Gibt es Alternativen, die keinem Tech-Milliardär gehören?
Ernstzunehmende Social-Media-Plattformen, die die großen Player wie Meta oder X ersetzen könnten, gibt es bislang nicht. Die größte Herausforderung für alle kleineren Plattformen sei die Reichweite, so Giglinger gegenüber ntv.de. "Social-Media-Plattformen funktionieren nur, wenn sie eine kritische Masse an Nutzern erreichen. Sonst fehlen die Verbindungen zu Freunden, die Empfehlungen von Influencern oder der exklusive Blick hinter die Kulissen von Stars."
Der Netzschreier-Gründer hält es aber durchaus für möglich, dass jetzt in der "aktuellen Dynamik" eine "völlig neue Plattform entsteht, die gezielt auf die Wünsche und Bedürfnisse der Social-Media-Nutzer eingeht". Der beispielhafte Aufstieg von TikTok in den letzten Jahren habe gezeigt, dass neue Plattformen innerhalb kurzer Zeit enorme Relevanz gewinnen könnten. Der Erfolg hänge davon ab, ob sie es schaffen, Nutzerbedürfnisse zu erfüllen.
Der Bedarf ist da. Rückenwind für Alternativen zu Instagram, Facebook und X, die keinem Tech-Milliardär gehören, hat sich eine Social-Media-Initiative auf die Fahnen geschrieben. Die Gruppe, die unter anderem von Wikipedia-Gründer Jimmy Wales, Schauspieler Mark Ruffalo ("Avengers") und Vertretern der Mozilla Foundation unterstützt wird, startete kürzlich eine Kampagne mit dem Titel "Free our Feeds". Mit einem offenen Protokoll und neuen Plattformen wollen die Initiatoren Instagram, Facebook und Co. den Kampf ansagen. Die Gruppe setzt dabei vor allem auf Bluesky.

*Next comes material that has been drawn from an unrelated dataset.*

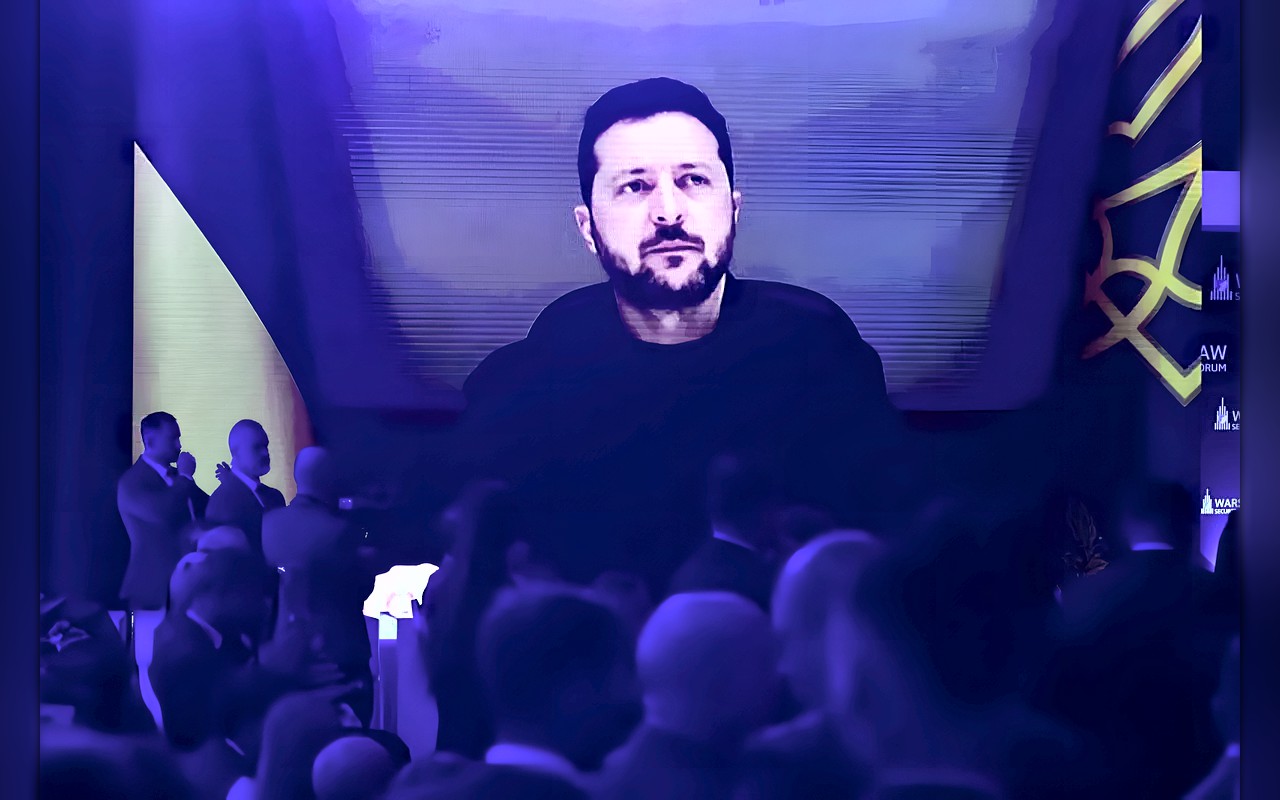 زيلينسكي: لم نتلقَّ تحذيراً بشأن هجوم كييف… وترمب يؤكد استمرار تبادل المعلومات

Es sei denkbar, auf Basis der Bluesky-Technologie eine ganze Reihe alternativer sozialer Netzwerke aufzubauen, heißt es. Die geplante Stiftung will dafür die finanziellen Voraussetzungen schaffen. Ziel ist es, innerhalb von drei Jahren einen Entwicklerfonds aufzubauen. Ende 2025 will die Initiative mit ihrer Stiftung die Arbeit aufnehmen.